# Another wonderful story and head on the wall



## Dang Dawg (Jan 14, 2013)

Just Minutes before end of shooting a large band of sheep walks up out of the brakes.

The D-I-L and son where in the right spot after most the day boating, hunting ,glassing , and scoping.

She had to make a choice in a mater of minutes leveled the new Kimber mountain assent 6.5 Creedmoor sights and shoot.

Just a bit over 200 yards and two ridges away.

One shot and it was over or just to begin.

She had made a mistake and only had her Rx sunglasses and it was about to get BLACK.

The boy RAN over and dressed the sheep as she started to feel her way back to the boat.

We have not had any rain for 3 months till this weekend.

3" in the brakes sucks. She got back to the boat about the same time as the boy both covered in wonderful Montana gumbo.

a 7 mile boat trip in total darkness in the boat and only able to "See" by the GPS. The hit the sack shortly after Ten.

Very little sleep, the coyotes where running wild and making more noise then a Boeing 747 trying to crash land in there camp all night long. First light and they where heading back up river to do some packing. They got there and were tickled the coyotes did not find the EWE. They strapped in on whole and headed out, taking turns packing. She is one tuff cookie and did a lot of the packing.

There another great story and head on her wall


----------



## catcapper (Feb 11, 2010)

Sounds like ya'll had a great time mutton bust'in Dawg--- her smile tells the rest of the story. :thumbsup:

awprint:


----------



## Ruger (Jan 22, 2011)

Great hunt and great times.


----------



## glenway (Mar 27, 2011)

Some tough country for sure.
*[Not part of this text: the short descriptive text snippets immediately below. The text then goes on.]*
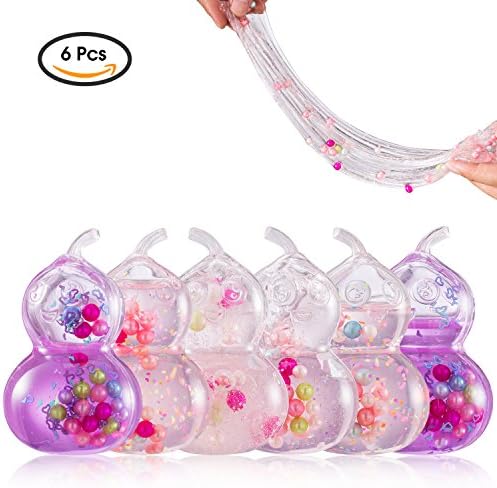 Soft Slime Colorful Pearl Crystal Slime Magic Crystal Fluffy Slime Scented Stress Relief Sludge Clay Slime Jumbo Slime Toy for Kids, Students, DIY, Birthday Party Favors(6 Pack)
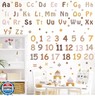 Boho Alphabet Wall Decals Neutral Number Wall Decals Peel and Stick Watercolor Letter Decal ABC Wall Stickers Removable Educational Learning Wall Stickers for Kids Room Playroom Classroom Decor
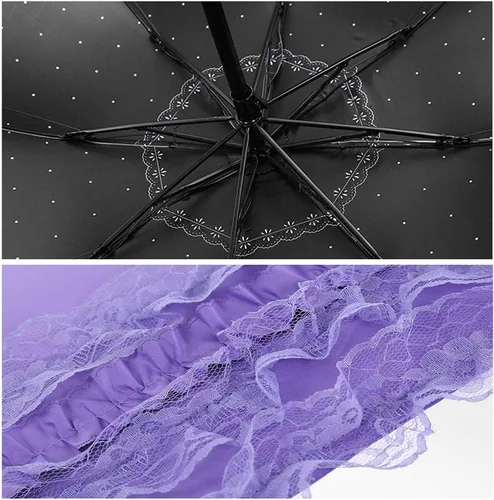 Vista 16 de WANLIAN Paraguas de encaje a prueba de viento plegable soleado y lluvioso a prueba de rayos ultravioleta anti sol protección UV sombrilla paraguas
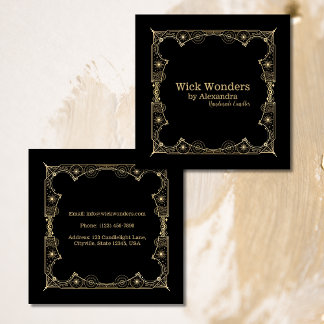 Tarjeta De Visita Cuadrada Vela apothecaria mágica de oro negro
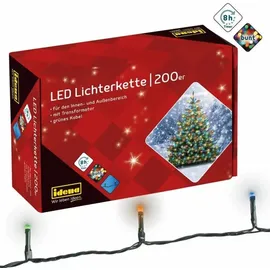 IDENA Lichterkette 200 LED bunt, mit 8 Stunden Timer Funktion und Transformator, ca. 27,9 m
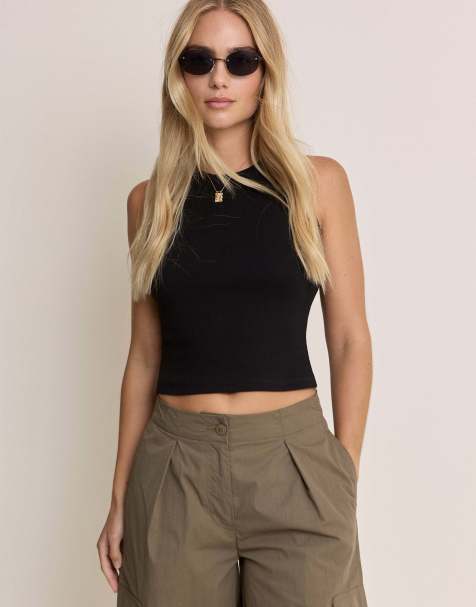 Nobody's Child Cropped racer vest in black - view 1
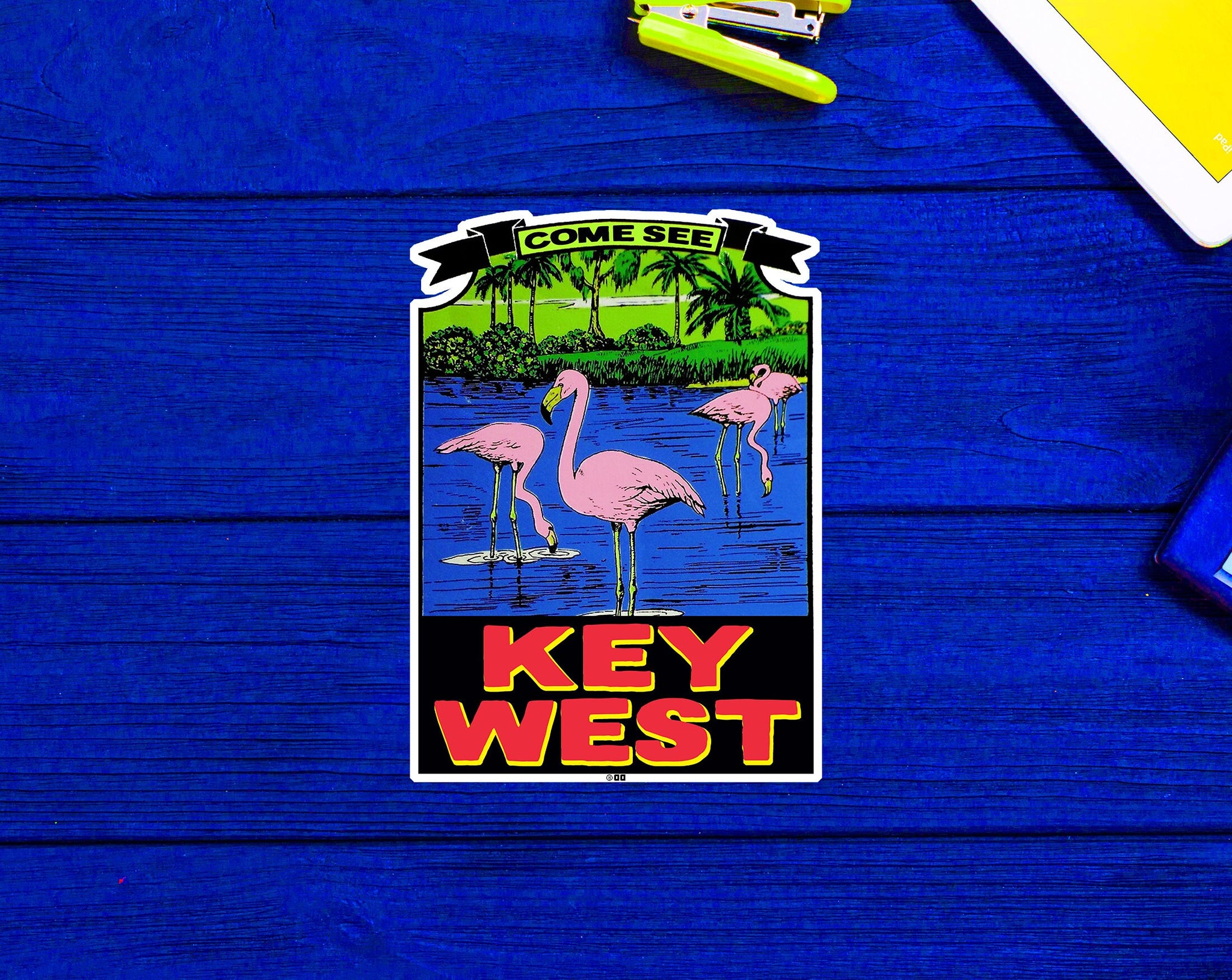 Key West Florida Vintage Flamingos Travel Luggage Sticker 4"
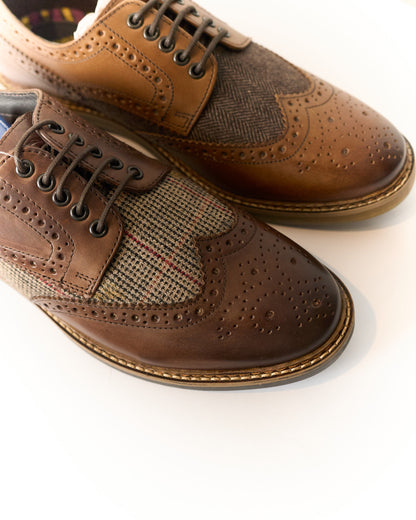 Base London Brown Rothko Brogue Tweet Shoes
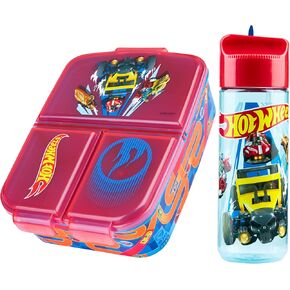 Hot Wheels Lunch Box with Compartments & Water Bottle for Kids - Children Gifts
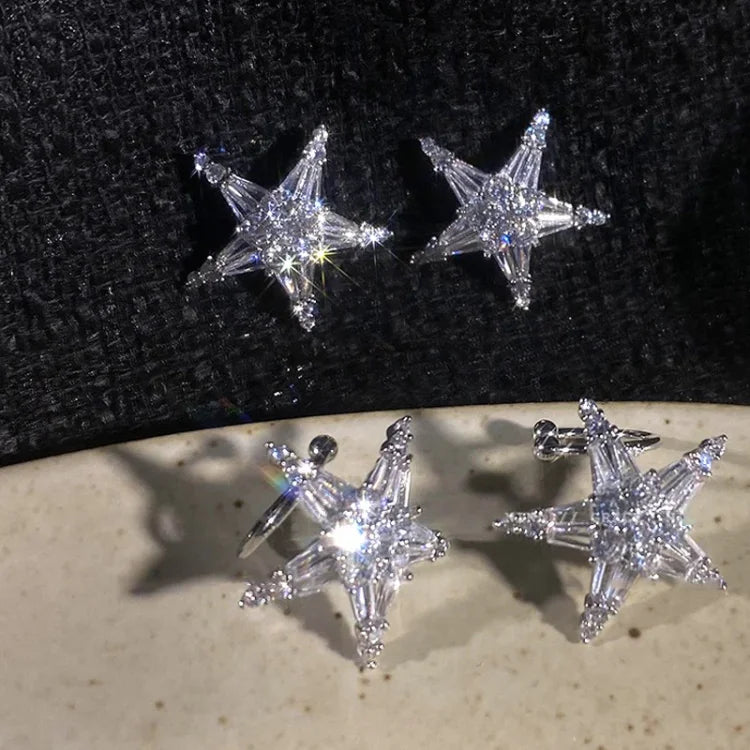 Zirconia Ster Earrings/Ear Cuff - Lyric-Earrings-State of Style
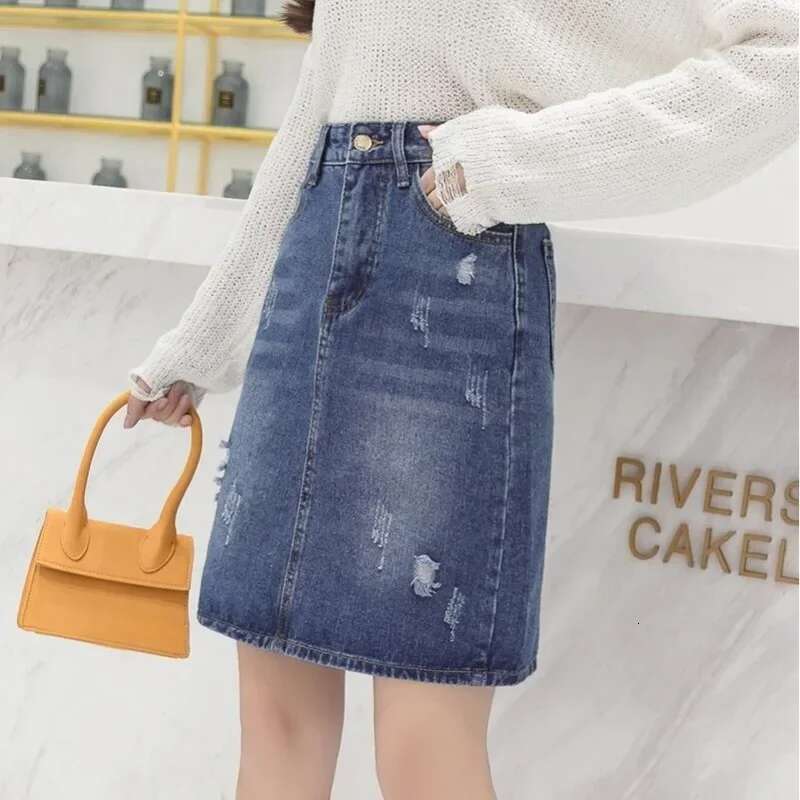 Womens Denim Skirt Zipper Blue with Pocket To Knees Length Chubby Ripped Midi Female Jeans Skirts New in Streetwear Aesthetic V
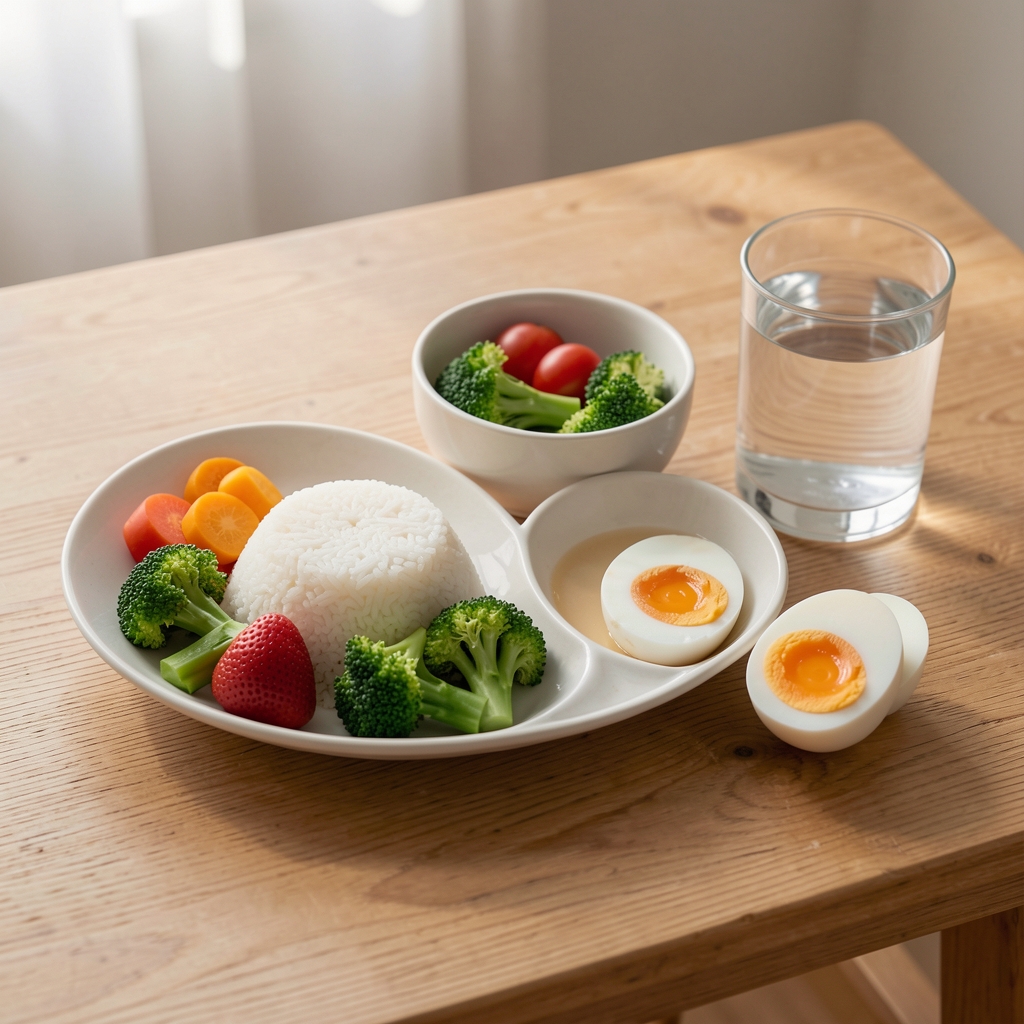 Balanced post-training meal with rice, vegetables, eggs, and water on a simple wooden table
Congratulations to the young lady and all who helped in the effort.


----------



## kiyote (Jun 15, 2014)

congrats . sounds like a great time.


----------



## Mark Steinmann (Jan 28, 2014)

Wow beautiful country and a well deserved animal.

Sent from my SM-G955U using Tapatalk


----------



## youngdon (Mar 10, 2010)

Congrats to the DIL. That country looks awesome for sheep.


----------